Material for the task:
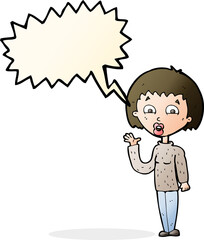 cartoon woman waving with speech bubble
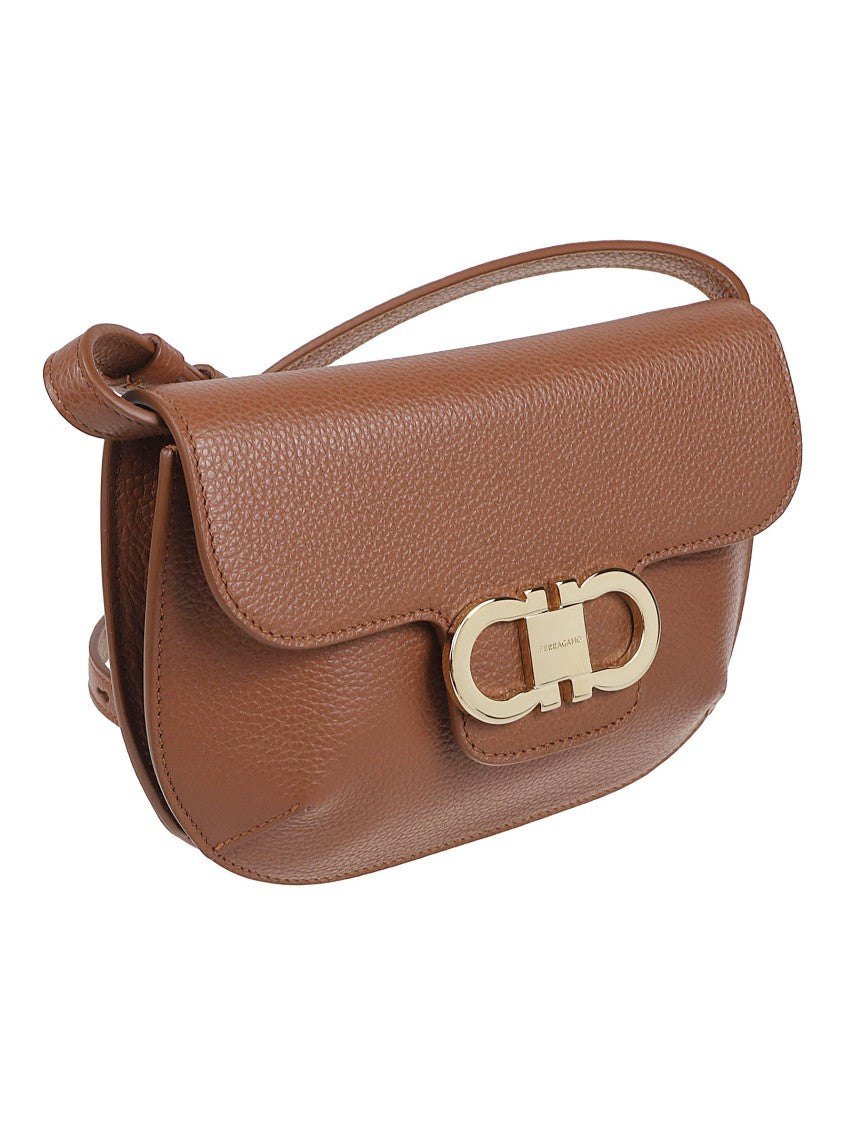 Ferragamo Mini Flap Bag With Double Gancini Gold-Tone Ornament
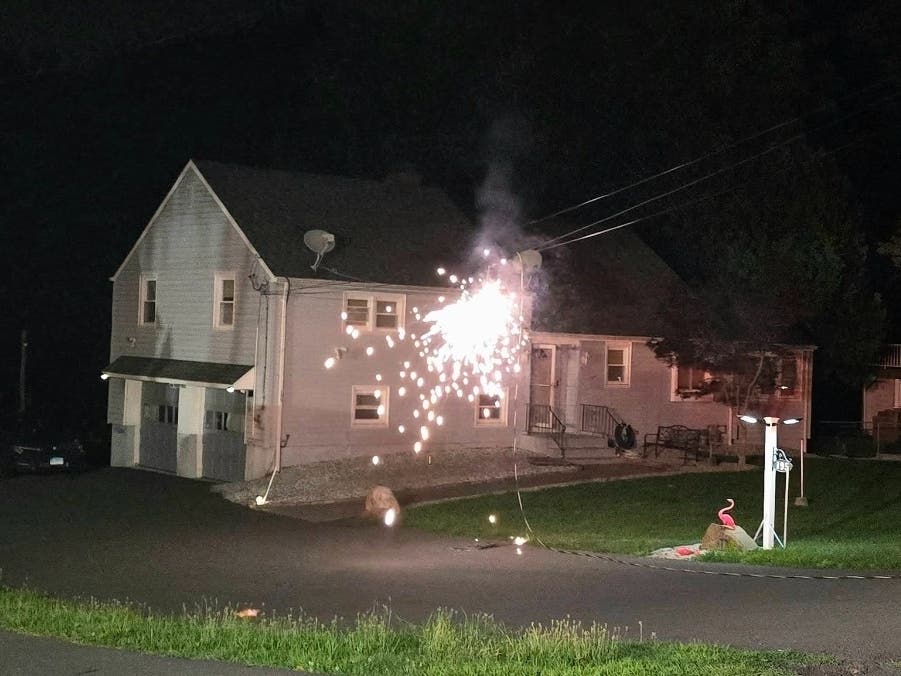 Berlin firefighters Tuesday evening thought they were going to a structure fire, but instead they were facing a downed live power line causing sparks on a local rooftop.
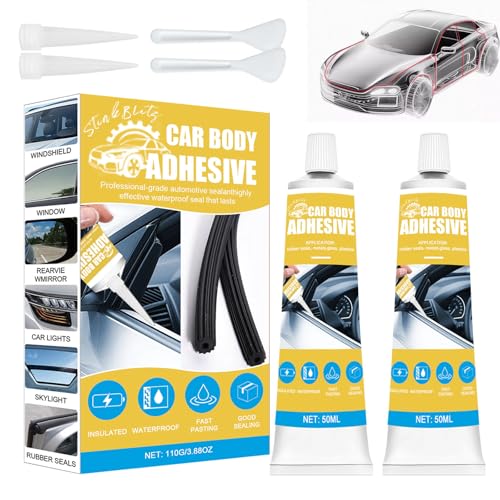Schwarzer Silikonkleber für Auto, wasserdicht, verschleißfest, isilikonisch, für Karosserie, Reparatur-Set für Windschutzscheibe, mit 2 Röhren, 50 ml, Tüllen und Spachtel für Fensterdichtungen, weiche Schwarzer Silikonkleber für Auto, wasserdicht, verschleißfest, isilikonisch, für Karosserie, Reparatur-Set für Windschutzscheibe, mit 2 Röhren, 50 ml, Tüllen und Spachtel für Fensterdichtungen, weiche von StinkBlitz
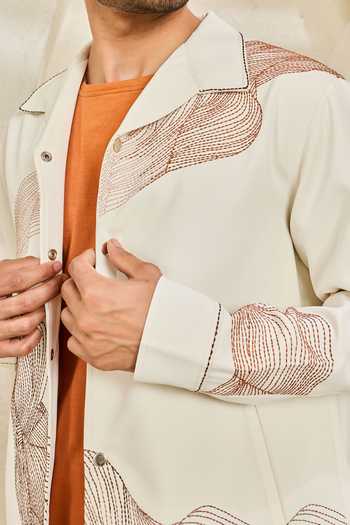 Buy Sarab Khanijou Ivory Abstract Spiral Shacket And Trouser Set Online at Aza Fashions Buy_Sarab Khanijou_Ivory Abstract Spiral Shacket And Trouser Set _Online_at_Aza_Fashions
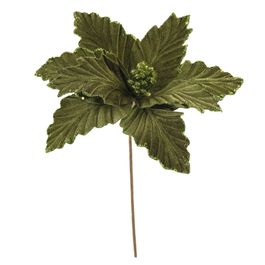 Flor Decorativa Poinsetia Verde Musgo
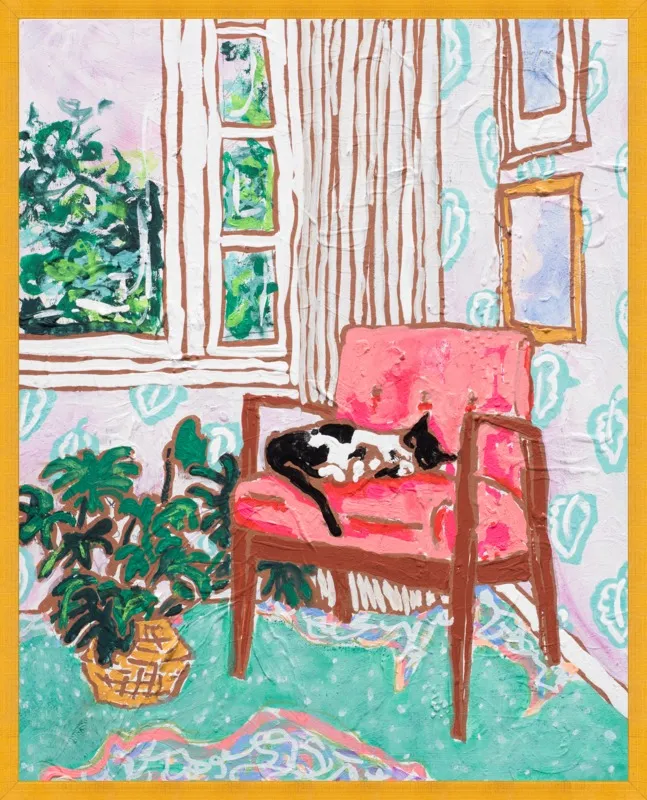 Cat Nap: Tuxedo Cat Napping in Mid-Century Chair by Lara Lee Meintjes for Artfully Walls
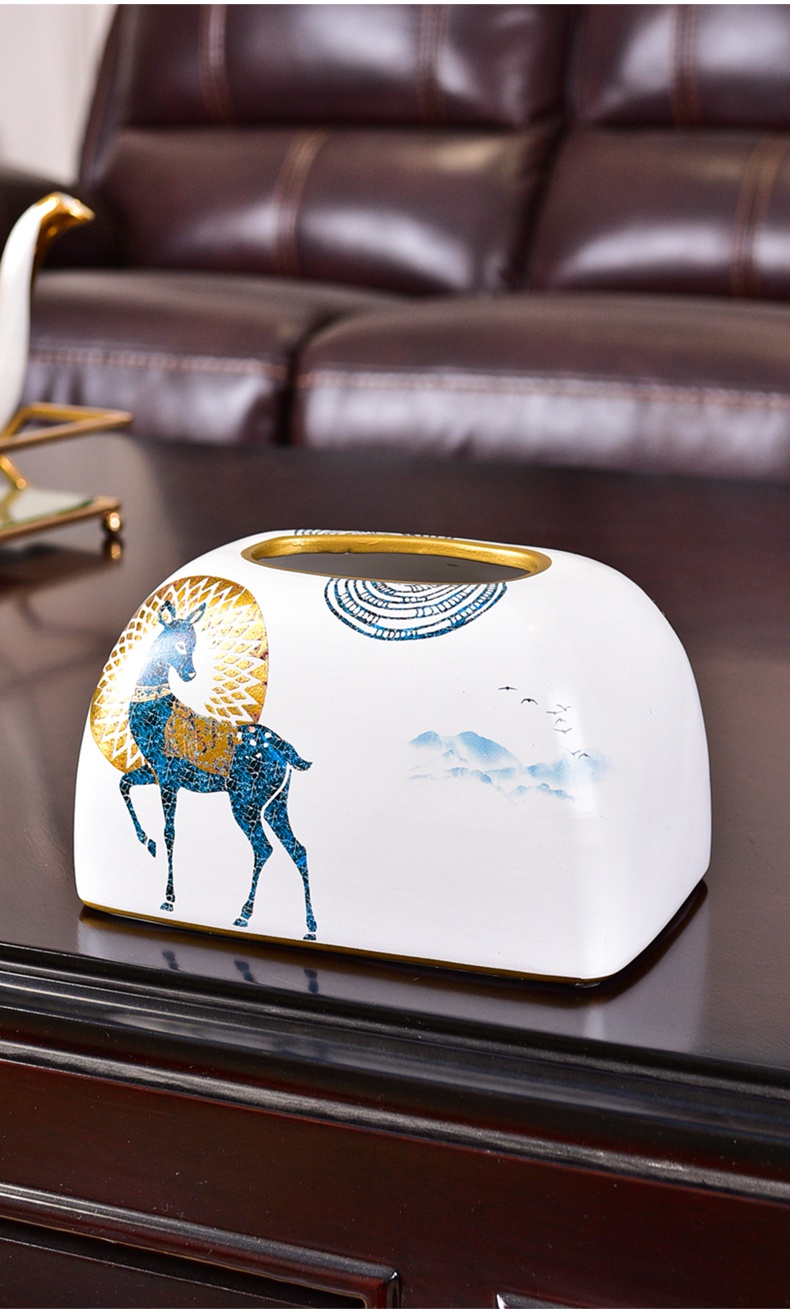 Tissue box creative ceramic household smoke box European sitting room tea table furnishing articles is decorated American meals Tissue boxes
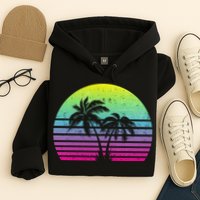 Summertime Synthwave Sunset With Palms Hoodie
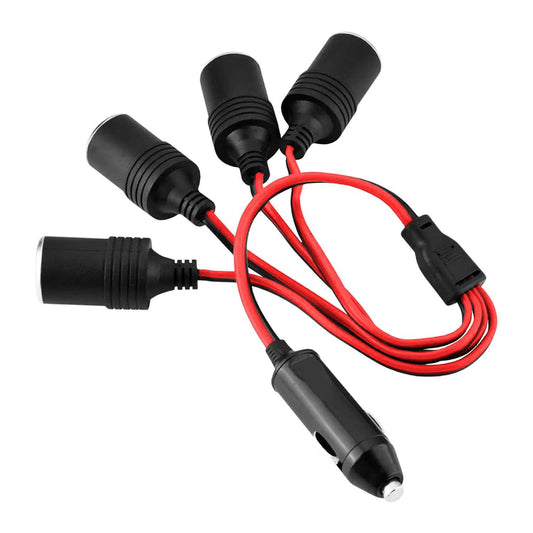 Adaptador Mechero de Coche, Cable Extensor para Enchufe Coche, Conector duplicador de 1 a 4 tomas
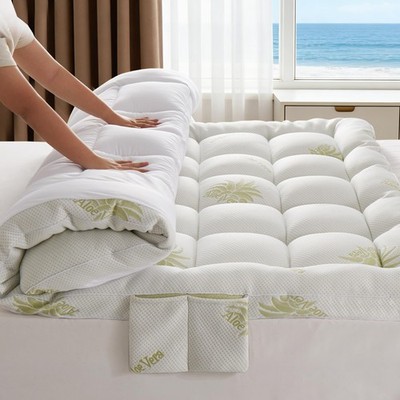 Mattress Topper Full Size 1300GMS Aloe Vera & Bamboo Viscose Pillow - Extra Thic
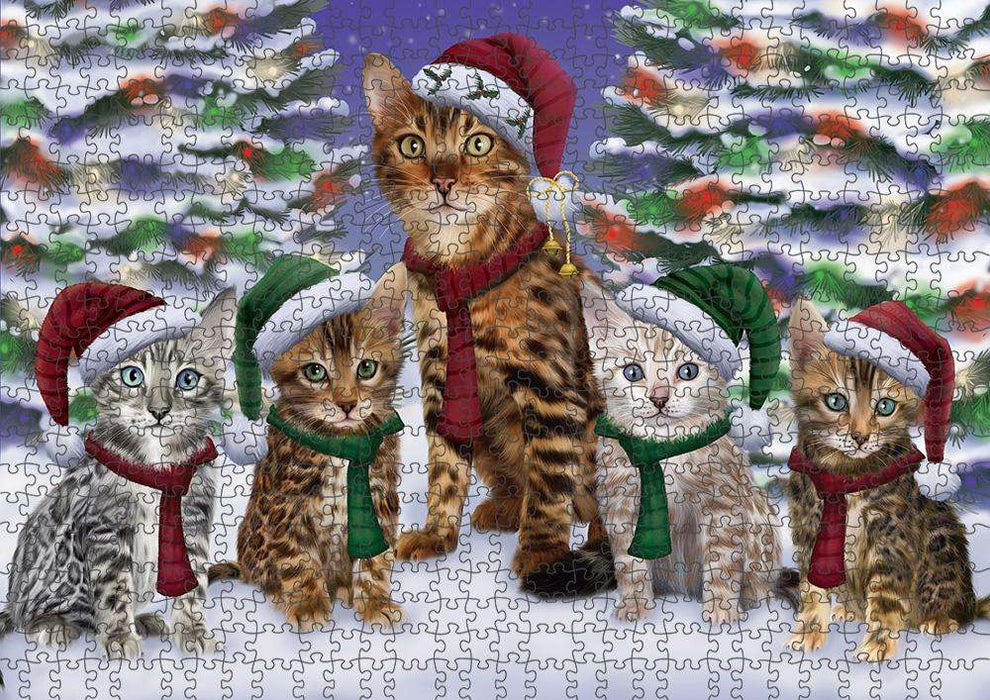Bengal Cats Christmas Family Portrait in Holiday Scenic Background Puzzle with Photo Tin PUZL62049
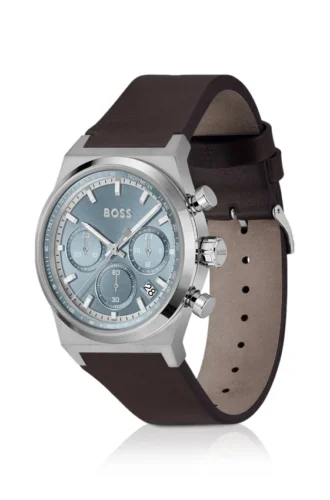 Silberfarbene Chronographenuhr mit braunem Lederarmband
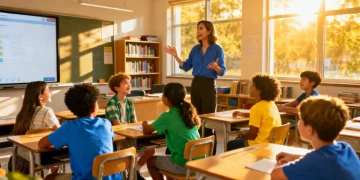 Diverse K-12 students engaged in a modern classroom, benefiting from education funding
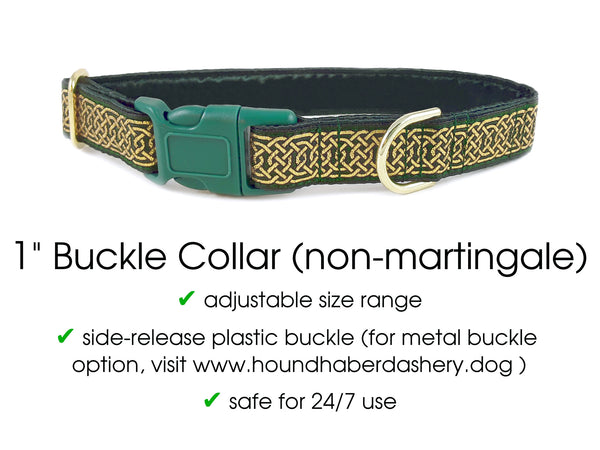 Wexford Jacquard in Green & Metallic Gold - Martingale Dog Collar or Buckle Dog Collar - 1" Width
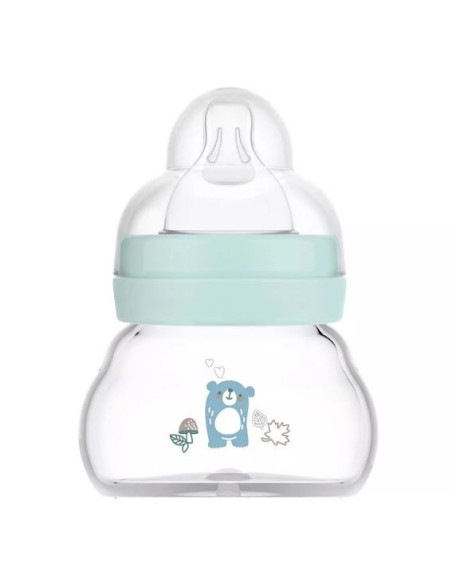 Biberón de cristal azul 90ml - Mam Baby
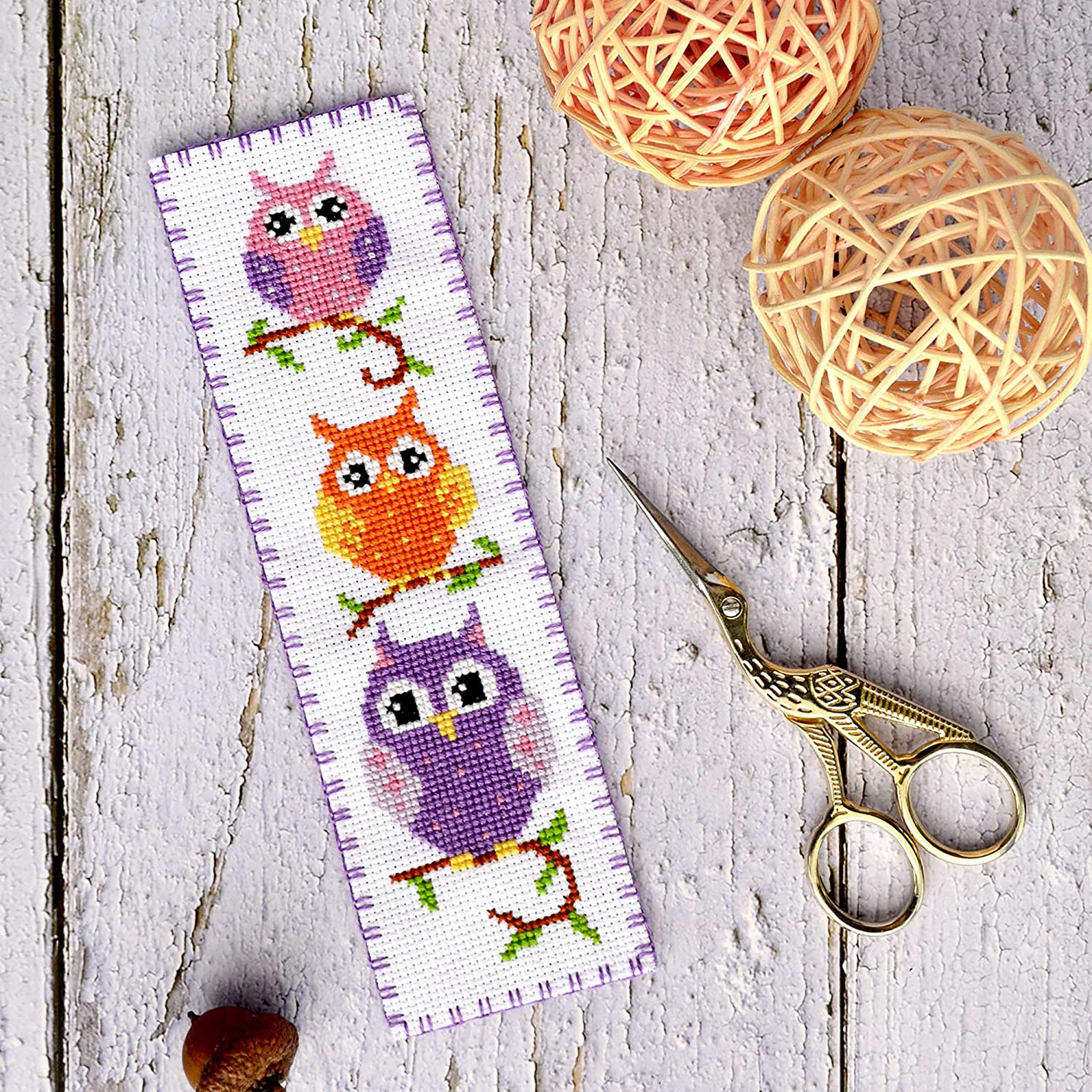 Cute Owls Cross Stitch Bookmark Pattern Birds Embroidery Etsy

Work item:
Give the records again exactly, minus the pictures.

Response to the task:
 cartoon woman waving with speech bubble
 Ferragamo Mini Flap Bag With Double Gancini Gold-Tone Ornament
 Berlin firefighters Tuesday evening thought they were going to a structure fire, but instead they were facing a downed live power line causing sparks on a local rooftop.
Schwarzer Silikonkleber für Auto, wasserdicht, verschleißfest, isilikonisch, für Karosserie, Reparatur-Set für Windschutzscheibe, mit 2 Röhren, 50 ml, Tüllen und Spachtel für Fensterdichtungen, weiche Schwarzer Silikonkleber für Auto, wasserdicht, verschleißfest, isilikonisch, für Karosserie, Reparatur-Set für Windschutzscheibe, mit 2 Röhren, 50 ml, Tüllen und Spachtel für Fensterdichtungen, weiche von StinkBlitz
 Buy Sarab Khanijou Ivory Abstract Spiral Shacket And Trouser Set Online at Aza Fashions Buy_Sarab Khanijou_Ivory Abstract Spiral Shacket And Trouser Set _Online_at_Aza_Fashions
 Flor Decorativa Poinsetia Verde Musgo
 Cat Nap: Tuxedo Cat Napping in Mid-Century Chair by Lara Lee Meintjes for Artfully Walls
 Tissue box creative ceramic household smoke box European sitting room tea table furnishing articles is decorated American meals Tissue boxes
 Summertime Synthwave Sunset With Palms Hoodie
 Adaptador Mechero de Coche, Cable Extensor para Enchufe Coche, Conector duplicador de 1 a 4 tomas
 Mattress Topper Full Size 1300GMS Aloe Vera & Bamboo Viscose Pillow - Extra Thic
Bengal Cats Christmas Family Portrait in Holiday Scenic Background Puzzle with Photo Tin PUZL62049
 Silberfarbene Chronographenuhr mit braunem Lederarmband
 Diverse K-12 students engaged in a modern classroom, benefiting from education funding
 Wexford Jacquard in Green & Metallic Gold - Martingale Dog Collar or Buckle Dog Collar - 1" Width
 Biberón de cristal azul 90ml - Mam Baby
 Cute Owls Cross Stitch Bookmark Pattern Birds Embroidery Etsy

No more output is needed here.